### [Problem statement]
Sort through the entries below and pull out lines containing the word "Blue".

### [Record set]

┄┄┄┄┄┄┄┄┄┄

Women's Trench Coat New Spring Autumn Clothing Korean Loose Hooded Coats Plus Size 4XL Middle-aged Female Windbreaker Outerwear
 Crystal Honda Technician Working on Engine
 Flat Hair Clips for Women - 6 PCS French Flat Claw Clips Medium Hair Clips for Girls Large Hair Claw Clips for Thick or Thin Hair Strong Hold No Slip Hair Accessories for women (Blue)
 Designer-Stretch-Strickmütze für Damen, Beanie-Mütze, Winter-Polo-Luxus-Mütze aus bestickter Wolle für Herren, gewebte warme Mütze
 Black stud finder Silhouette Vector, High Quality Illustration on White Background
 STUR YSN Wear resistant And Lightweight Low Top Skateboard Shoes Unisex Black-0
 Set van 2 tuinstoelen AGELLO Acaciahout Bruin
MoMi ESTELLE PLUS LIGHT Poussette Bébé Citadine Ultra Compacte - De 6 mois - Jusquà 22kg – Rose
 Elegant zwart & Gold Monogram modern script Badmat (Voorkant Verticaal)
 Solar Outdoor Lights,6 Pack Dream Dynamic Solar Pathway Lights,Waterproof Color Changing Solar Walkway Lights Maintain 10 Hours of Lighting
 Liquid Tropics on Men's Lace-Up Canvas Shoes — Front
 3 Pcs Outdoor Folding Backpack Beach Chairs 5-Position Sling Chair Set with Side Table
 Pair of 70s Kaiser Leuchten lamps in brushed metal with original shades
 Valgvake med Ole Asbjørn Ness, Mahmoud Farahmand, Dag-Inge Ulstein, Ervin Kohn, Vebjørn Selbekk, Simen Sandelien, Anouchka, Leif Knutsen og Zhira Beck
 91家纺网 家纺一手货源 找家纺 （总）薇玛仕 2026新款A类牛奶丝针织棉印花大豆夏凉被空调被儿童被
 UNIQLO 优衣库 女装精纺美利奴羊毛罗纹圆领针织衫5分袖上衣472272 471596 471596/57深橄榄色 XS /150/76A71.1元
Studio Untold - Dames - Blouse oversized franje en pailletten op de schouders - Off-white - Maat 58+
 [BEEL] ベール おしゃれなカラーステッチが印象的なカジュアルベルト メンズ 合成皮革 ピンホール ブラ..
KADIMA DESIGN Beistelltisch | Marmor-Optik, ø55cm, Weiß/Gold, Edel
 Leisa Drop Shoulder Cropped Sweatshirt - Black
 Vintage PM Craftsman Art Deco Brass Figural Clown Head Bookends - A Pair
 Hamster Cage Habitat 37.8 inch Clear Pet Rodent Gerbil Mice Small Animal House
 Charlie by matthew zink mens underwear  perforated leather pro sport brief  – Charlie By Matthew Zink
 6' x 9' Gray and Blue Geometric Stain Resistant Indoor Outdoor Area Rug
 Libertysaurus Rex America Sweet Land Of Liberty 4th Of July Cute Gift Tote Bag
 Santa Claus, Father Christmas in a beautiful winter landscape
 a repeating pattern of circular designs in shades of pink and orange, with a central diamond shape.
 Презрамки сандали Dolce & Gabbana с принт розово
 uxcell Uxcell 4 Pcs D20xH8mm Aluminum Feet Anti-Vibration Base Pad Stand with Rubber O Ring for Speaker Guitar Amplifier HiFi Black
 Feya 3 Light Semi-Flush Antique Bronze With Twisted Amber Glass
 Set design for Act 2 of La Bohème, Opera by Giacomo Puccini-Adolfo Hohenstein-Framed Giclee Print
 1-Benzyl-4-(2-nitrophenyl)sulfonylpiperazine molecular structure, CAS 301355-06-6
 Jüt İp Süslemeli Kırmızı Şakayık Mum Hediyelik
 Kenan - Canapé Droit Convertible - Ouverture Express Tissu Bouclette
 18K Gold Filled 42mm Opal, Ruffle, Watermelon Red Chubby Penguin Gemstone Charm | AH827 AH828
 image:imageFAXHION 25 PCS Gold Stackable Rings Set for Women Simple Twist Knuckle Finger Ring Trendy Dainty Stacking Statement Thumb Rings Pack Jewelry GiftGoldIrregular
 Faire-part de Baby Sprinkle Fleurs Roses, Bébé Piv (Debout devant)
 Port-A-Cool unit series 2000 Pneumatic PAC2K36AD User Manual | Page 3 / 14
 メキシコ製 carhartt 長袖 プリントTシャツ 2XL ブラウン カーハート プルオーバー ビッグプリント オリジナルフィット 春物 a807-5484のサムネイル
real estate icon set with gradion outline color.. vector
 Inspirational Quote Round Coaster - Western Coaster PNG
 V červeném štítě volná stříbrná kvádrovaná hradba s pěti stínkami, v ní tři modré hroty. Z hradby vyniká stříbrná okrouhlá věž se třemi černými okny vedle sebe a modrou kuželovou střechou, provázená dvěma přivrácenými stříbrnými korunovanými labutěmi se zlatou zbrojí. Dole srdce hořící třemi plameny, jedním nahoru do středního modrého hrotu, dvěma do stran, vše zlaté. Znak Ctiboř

┄┄┄┄┄┄┄┄┄┄

### [Task output]
 Flat Hair Clips for Women - 6 PCS French Flat Claw Clips Medium Hair Clips for Girls Large Hair Claw Clips for Thick or Thin Hair Strong Hold No Slip Hair Accessories for women (Blue)
 6' x 9' Gray and Blue Geometric Stain Resistant Indoor Outdoor Area Rug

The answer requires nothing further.